Now that Chicago Public Schools are throwing students into the good ole 9 to 5 by pushing back class schedules from 9 a.m. to 4:30 p.m. at 60 high schools and 17 elementary schools starting this fall, the demand for the CTA will be at a premium at its most congested hours.
And it looks like the students are the ones most concerned about it. An enrollee at Walter Payton College Prep has started an online petition asking for CPS to revert to the original bell schedule, citing that the nearly 90,000 affected young riders “will be caught in the center of rush hour, risking the well-roundedness and safety of students involved in long commutes and extracurricular activities.”
The petition had received 483 signatures as of Tuesday afternoon and 126 comments from supporters.
“CPS did not consider families who have children in multiple schools across the city.

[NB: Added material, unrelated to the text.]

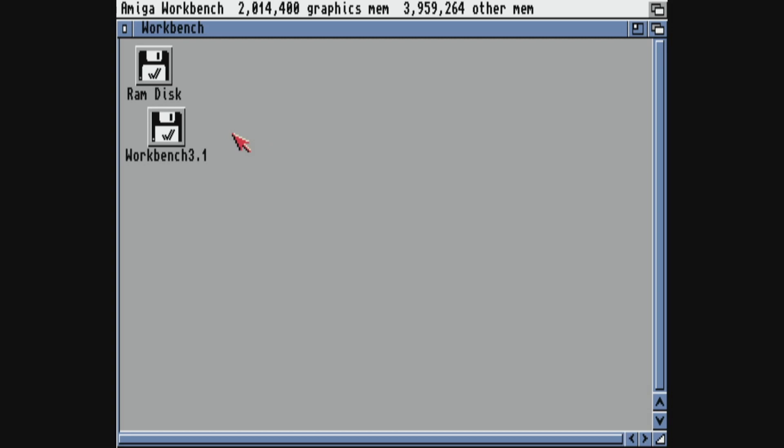So in the next video I'm going to show you how to install a hard drive in Amiberry, and you can find that in this link just here.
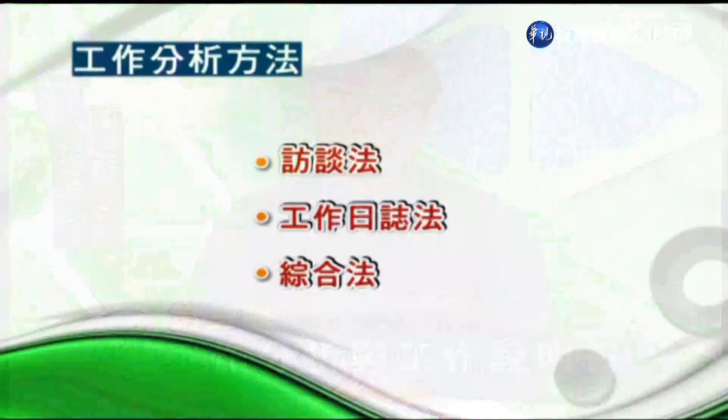工作日誌法是讓員工以工作筆記或記事的方式詳實地記錄工作內容，優點是簡單，短期之內可以獲得資訊；缺點是填寫的人可能填寫不實或記錄不夠客觀，因為人之常情，我們不會把自己表現不好的那一面呈現在工作日誌上面。如果記載不實，就會造成工作分析失去它的價值性。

How is it possible to coordinate various pickup times/CTA travel times and with the added factor of rush hour? RAHM AND CPS: you sicken me!!! The students' safety means nothing to those talking heads,” said a user named Zee.
Another named Lisa added, “The school end time is far too late for these students' physical safety, any semblance of family life and study/activity schedules. These are city kids, many of whom take at least an hour to travel home. Unfair and sad if this doesn't change.”
The move to change school schedules was prompted by CPS budget talks and will save the district an alleged $9 million by allowing them to stack high school and elementary school bus routes at the same time. This comes on the heels of CPS also announcing that select enrollment and magnet schools will also slash their provided bus routes in half for the new school year, for a $2.3 million in savings, which could mean some students will have to walk up to 1.5 miles to school. The strategy has been harshly criticized for its inconsideration of student safety. Schools officials havesyet to comment on either story, but as far as the CTA is concerned, spokeswoman Tammy Chase told DNAinfo, “We don’t foresee any issues” with the proposed changes.
"Our service planning department is now in the process of obtaining the changes to develop the bus schedules to meet the school schedules, and that will reflect later dismissal times and students' after school activities," she continued stating that CTA’s number-one goal is to provide safe and reliable transit for students. "Once the school year begins and we can see travel patterns in real time, we would make additional service schedule adjustments if and as needed — which is standard practice for us whenever we make schedule changes."